Contrairement à la position de Hegel, la perception non mentale ne s’y
enclot jamais dans la perception mentale : le percept artistique s’ouvre
sur une réalité qui échappe au concept. En ce sens, l’art ne peut pas
mourir alors que le discours philosophique peut arriver à ses limites
théoriques.
Mais à vrai dire l’impersonnalité de l’expérience asiatique d’une
perception non-mentale ne rend pas obsolète la dimension personnelle de
l’art occidental. Le non-mental n’exclut pas l’individualisation.
L’expérience du singulier de notre individualité est particulièrement
résistante à la seule perception mentale du réelle. Le langage du mental
est toujours fait de généralités puisque les mots et donc les concepts
pointent des ensembles de faits. Ce langage finit donc par ignorer la
singularité du réel. L’individualisation prisonnière du langage reste
souvent mimétique et égocentrique. L’art permet de renouveler notre
perception en résistant à la généralisation. Le cliché mimétique est par
excellence l’obstacle à la valeur artistique. Le langage pour ne plus
faire obstacle à l’individualisation doit être réinvesti sous la forme
d’un style. L’art est en effet une invitation à la perception du
singulier, à un devenir singulier libéré des seuls modèles collectifs
existants. L’art authentique comme accès au devenir singulier de la
perception est une forme de participation à l’évolution du vivant ; il
est la trace d’un élan évolutif au cœur de la réalité vivante.
Évidemment ceci n’empêche pas que certaines propositions esthétiques
agissent comme un divertissement purement mental.

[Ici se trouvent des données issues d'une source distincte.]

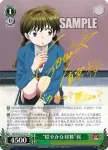 KR/SE30-02 RR “霊視体験”桜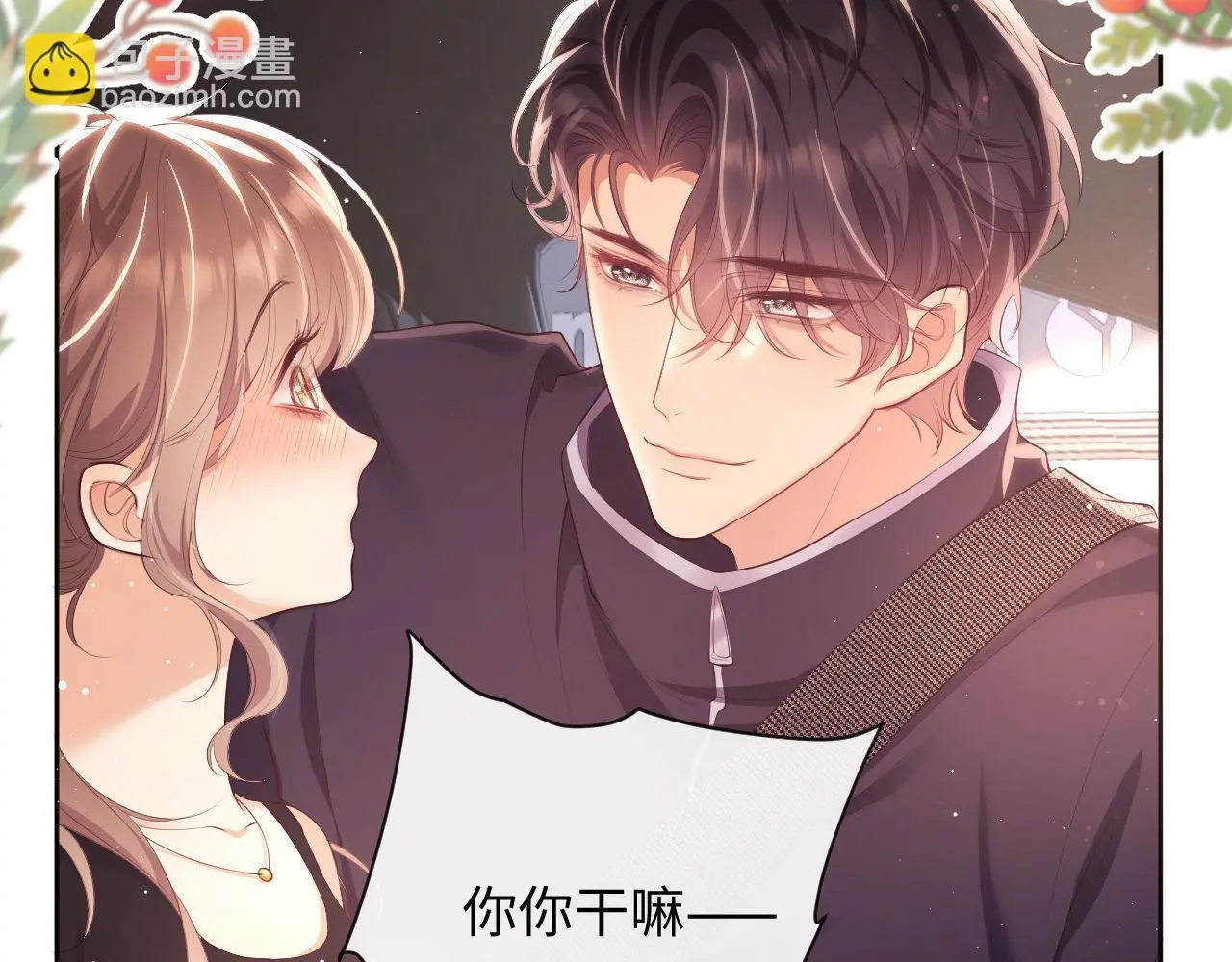 第21话 狗男人又想撩我？41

La catharsis (la
purgation des émotions accumulées) peut se réduire par exemple à
s’identifier à des super-héros qui malgré leur(s) super-pouvoir(s) ont
des problèmes quotidiens semblables aux nôtres autant en terme de
tragique qu’en terme de banalité. Cette pseudo-expérience esthétique
n’est plus alors qu’un objet de consommation. Bien entendu un certain
art élitiste n’est pas non plus exempt d’une logique de distinction
sociale par la consommation d’un produit incompris des classes
populaires. Ces types de consommation esthétiques ne nous inspirent pas
d’être nous-mêmes créateurs : elles confirment souvent notre suffisance
narcissique. Elles font de nous des êtres seulement satisfaits
d’eux-mêmes qui passent de bons moments. Les consommateurs de
super-héros ou de distinction culturelle que nous sommes, s’ils en
restent là, risquent de s’illusionner. Avoir une vaste culture
esthétique n’est pas encore être un « spectateur artiste ». L’art vécu
authentiquement ne nous détourne pas du besoin d’être comme besoin de
créer. Être créateur est l’unique horizon authentique que Nietzsche
pointa le premier comme celui d’un surhomme à venir. Au-delà de
Nietzsche lui-même, le surhumain ne doit pas être compris comme une
extension de l’humain en terme de puissance ou d’intelligence érudite
mais comme une ouverture à de nouvelles perceptions inimaginables dont
l’art le plus noble pourrait favoriser l’épigenèse.